Re: md road-map: 2011

Phil Turmel <philip@xxxxxxxxxx> · Wed, 16 Feb 2011 19:11:14 -0500

On 02/16/2011 04:44 PM, NeilBrown wrote:
[trim /]
> On Wed, 16 Feb 2011 14:37:26 -0500 Phil Turmel <philip@xxxxxxxxxx> wrote:
>> It occurred to me that if you go to the trouble (and space and performance)
>> to create and maintain metadata for lists of bad blocks, and separate
>> metadata for sync status aka "trim", or hot-replace status, or reshape-status,
>> or whatever features are dreamt up later, why not create an infrastructure to
>> carry all of it efficiently?
>>
>> David Brown suggested a multi-level metadata structure.  I concur, but somewhat
>> more generic:
>> 	Level 1:  Coarse bitmap, set bit indicates 'look at level 2'
>> 	Level 2:  Fine bitmap, set bit indicates 'look at level 3'
>> 	Level 3:  Extent list, with starting block, length, and feature payload
>>
>> The bitmap levels are purely for hot-path performance.
>>
>> As an option, it should be possible to spread the detailed metadata through the
>> data area, possibly in chunk-sized areas spread out at some user-defined
>> interval.  "meta-span", perhaps.  Then resizing partitions that compose an
>> array would be less likely to bump up against metadata size limits.  The coarse
>> bitmap should stay near the superblock, of course.
> 
> This is starting to sound a lot more like a filesystem than a RAID system.

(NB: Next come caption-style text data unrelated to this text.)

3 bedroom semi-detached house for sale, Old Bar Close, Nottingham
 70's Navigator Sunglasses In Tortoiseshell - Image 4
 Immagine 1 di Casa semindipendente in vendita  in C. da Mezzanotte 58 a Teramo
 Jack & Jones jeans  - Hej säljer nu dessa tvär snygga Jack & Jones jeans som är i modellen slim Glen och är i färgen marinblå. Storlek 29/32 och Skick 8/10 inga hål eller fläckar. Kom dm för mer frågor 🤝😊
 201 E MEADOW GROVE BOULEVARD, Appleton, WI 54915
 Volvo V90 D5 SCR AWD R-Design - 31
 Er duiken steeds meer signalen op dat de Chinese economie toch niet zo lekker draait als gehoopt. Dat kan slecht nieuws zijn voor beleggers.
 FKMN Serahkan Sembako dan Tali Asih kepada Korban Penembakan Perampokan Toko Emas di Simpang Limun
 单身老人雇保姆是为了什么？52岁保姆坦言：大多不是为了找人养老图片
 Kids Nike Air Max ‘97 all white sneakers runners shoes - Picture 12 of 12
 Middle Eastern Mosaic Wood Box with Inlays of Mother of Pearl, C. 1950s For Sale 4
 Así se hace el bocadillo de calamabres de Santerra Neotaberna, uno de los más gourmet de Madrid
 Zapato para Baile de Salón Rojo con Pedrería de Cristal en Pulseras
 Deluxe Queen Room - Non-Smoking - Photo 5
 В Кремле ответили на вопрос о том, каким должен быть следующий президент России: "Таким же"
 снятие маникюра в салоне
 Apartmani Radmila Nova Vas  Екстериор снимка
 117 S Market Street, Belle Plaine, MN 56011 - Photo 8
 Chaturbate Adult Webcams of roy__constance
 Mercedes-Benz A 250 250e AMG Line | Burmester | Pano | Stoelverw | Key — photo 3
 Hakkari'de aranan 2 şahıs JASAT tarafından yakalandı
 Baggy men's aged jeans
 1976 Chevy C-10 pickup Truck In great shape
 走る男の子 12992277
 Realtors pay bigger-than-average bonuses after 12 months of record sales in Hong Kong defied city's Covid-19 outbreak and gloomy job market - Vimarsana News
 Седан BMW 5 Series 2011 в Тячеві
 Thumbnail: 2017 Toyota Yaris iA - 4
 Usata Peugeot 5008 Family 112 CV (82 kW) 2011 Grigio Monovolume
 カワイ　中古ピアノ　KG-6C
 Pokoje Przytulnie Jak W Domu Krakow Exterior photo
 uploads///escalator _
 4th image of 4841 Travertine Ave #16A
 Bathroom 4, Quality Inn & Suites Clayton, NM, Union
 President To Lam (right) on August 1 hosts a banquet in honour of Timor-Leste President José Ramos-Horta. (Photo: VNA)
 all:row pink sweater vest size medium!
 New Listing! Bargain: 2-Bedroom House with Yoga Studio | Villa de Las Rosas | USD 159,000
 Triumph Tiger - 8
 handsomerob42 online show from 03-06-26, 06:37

Heh.  But if you are going to start adding block and/or block-extent metadata for
a variety of features, common code and storage for it should be an all-around win.

> I really don't want there to be so much metadata that I am tempted to spread
> it out among the data.  I think that implies too much complexity.

It would be complex, yes.  Same math as computing block locations within raid 5
stripes, though.

> Maybe that is a good place to draw the line:  If some metadata doesn't fit
> easily at the start of end of the devices, it has no place in RAID - you
> should add it to a filesystem instead.

I think that's arbitrary, but its moot until someone tries to implement it.

>> Personally, I'd like to see the bad-block feature actually perform block
>> remapping, much like hard drives themselves do, but with the option to unmap the
>> block if a later write succeeds.  Using one retry per array restart as you
>> described makes a lot of sense.  In any case, remapping would retain redundancy
>> where applicable short of full drive failure or remap overflow.
> 
> If the hard drives already do this, why should md try to do it as well??
> If a hard drive has had some many write errors that it has used up all of its
> spare space, then it is long past time to replace it.

True enough.

>> My $0.02, of course.
> 
> Here in .au, the smallest legal tender is $0.05 - but thanks anyway :-)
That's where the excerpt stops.